Insights Into Neutron Stars From Gravitational Redshifts and Universal Relations

TL;DR

This paper introduces new universal relations involving gravitational redshift in neutron stars, enabling theoretical estimates of key properties and highlighting the reliability and limitations of these relations based on observational data.

Contribution

The study presents novel universal relations connecting gravitational redshift with neutron star properties, and assesses their accuracy and limitations using observational data.

Findings

Theoretical estimates align with Bayesian measurements for certain stars.

Universal relations are reliable with low observational uncertainties.
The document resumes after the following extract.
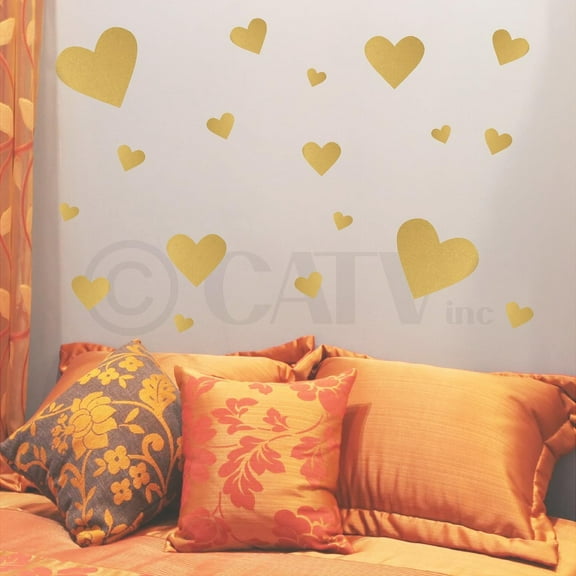Hearts assorted set of 50 Wall Pattern Decal Vinyl Sticker Valentines Day Wedding Decor Self Adhesive Decals - SIzes Range From 1.5"-10" - Color: Metallic Gold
Violation of universality observed for some properties.

Abstract

The universal relations in neutron stars form an essential entity to understand their properties. The moment of inertia, dimensionless tidal deformability, mass quadrupole moment, and oscillation modes are some of the properties that have been studied previously in the context of universal relations. All of these quantities are measurable; thus, analyzing them is of utmost importance. In this article we provide new universal relations in the context of a neutron star's gravitational redshift. Using the redshift measurements of RBS 1223, RX J0720.4-3125, and RX J1856.5-3754, we provide theoretical estimates of moment of inertia, dimensionless tidal deformability, mass quadrupole moment, the mass of the star times the ratio of angular frequency over the spin angular moment, and the average of the speed of sound squared. In the case of the redshift measurement of RX J0720.4-3125, we found that the theoretical estimate using universal relations aligns closely with the Bayesian estimate. Our findings indicate that such theoretical predictions are highly reliable for observations with low uncertainty and can be used as an alternative for statistical analysis. Additionally, we report a violation of the universality of the dimensionless tidal deformability and average of the speed of sound squared with respect to the gravitational redshift. Our calculations further indicate that, under current astrophysical constraints, the maximum gravitational redshift attainable by neutron stars does not exceed $0.763$.